## What needs to be done
Copy the listing below exactly. Pictures stay out of it.

++++ Recorded information ++++

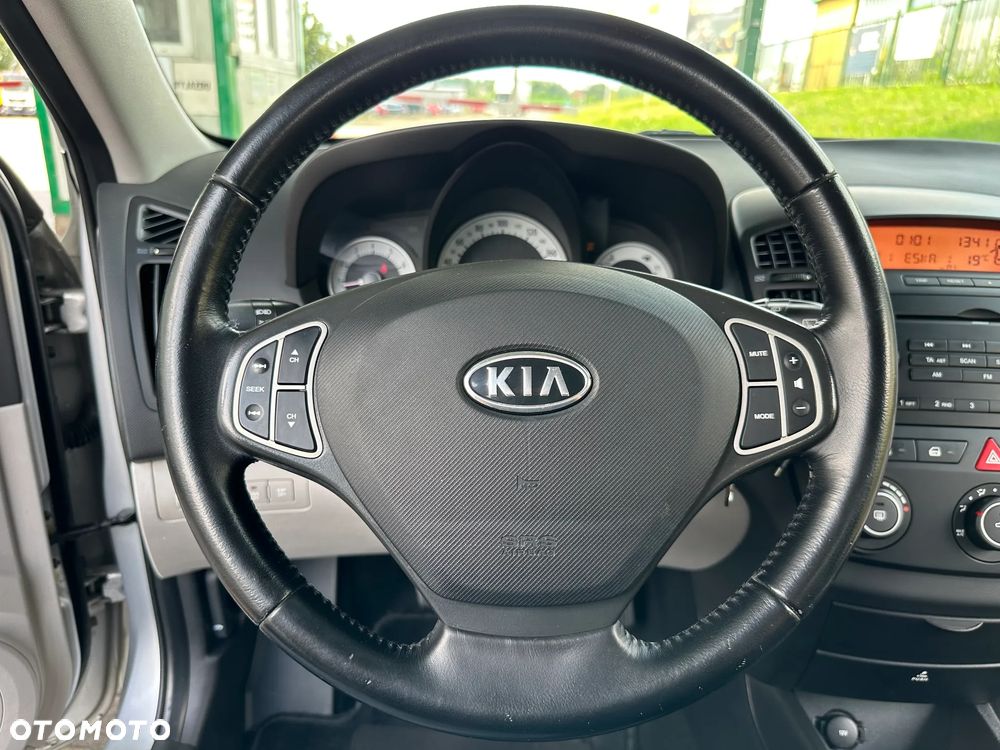 Kia Ceed - 16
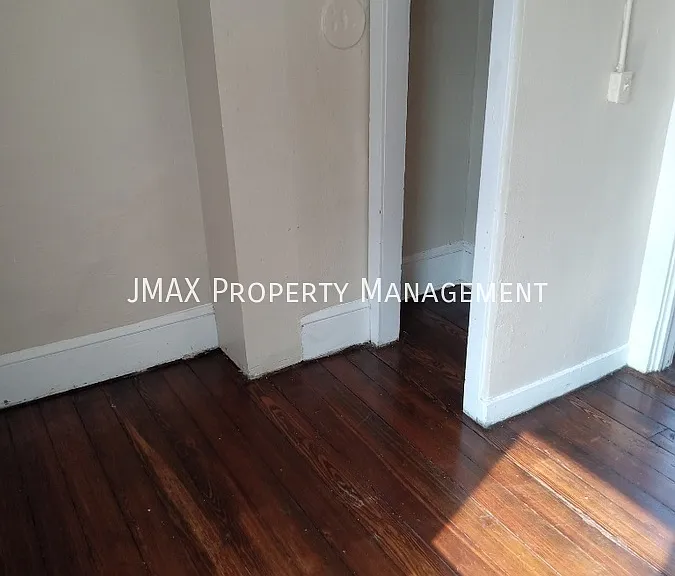 502 Rutherford Ave NW — Photo 17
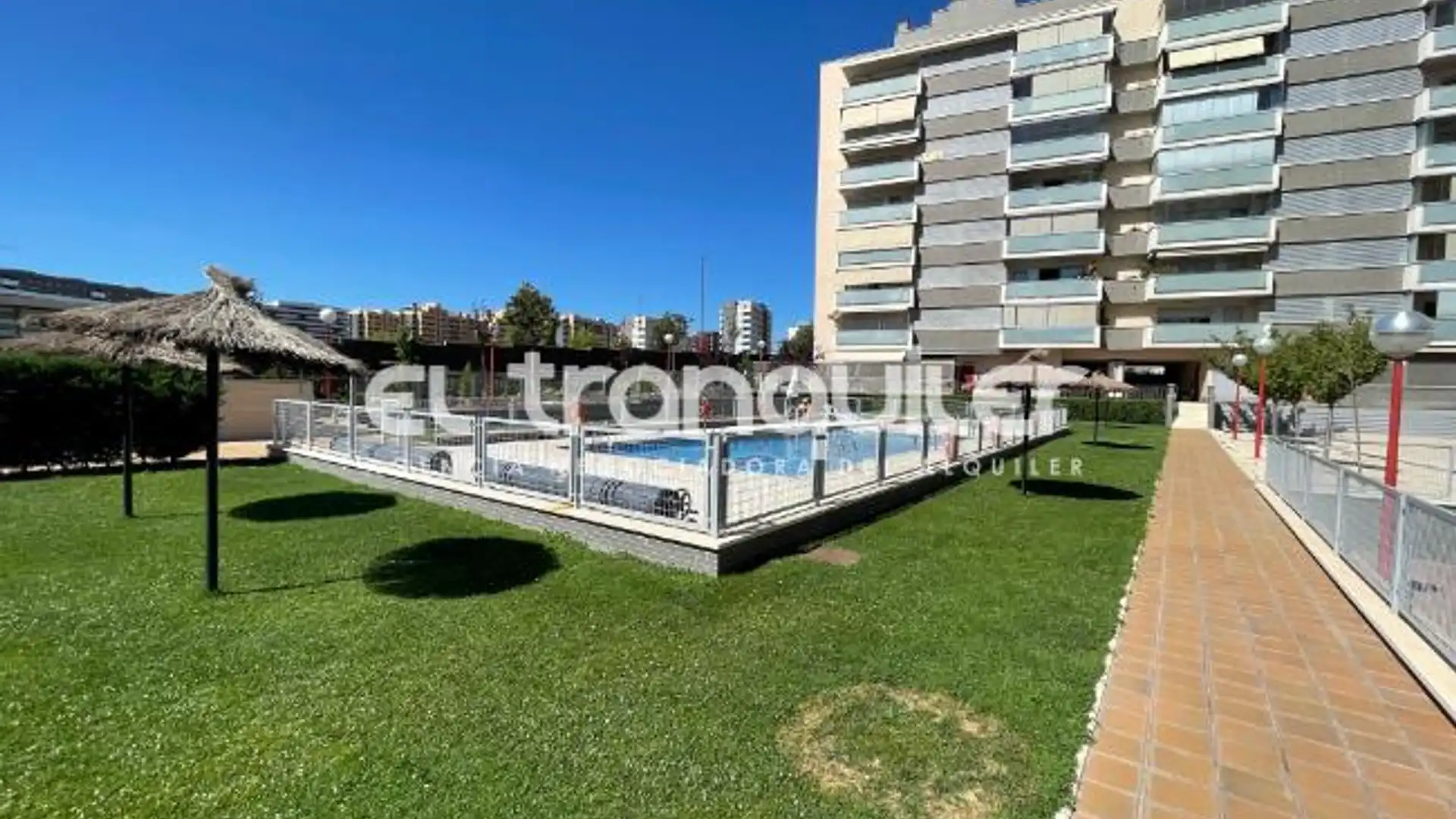 Piscina de Piso de alquiler en Tres Cantos con Aire acondicionado, Trastero y Piscina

++++

## Reply to the exercise
 Kia Ceed - 16
 502 Rutherford Ave NW — Photo 17
 Piscina de Piso de alquiler en Tres Cantos con Aire acondicionado, Trastero y Piscina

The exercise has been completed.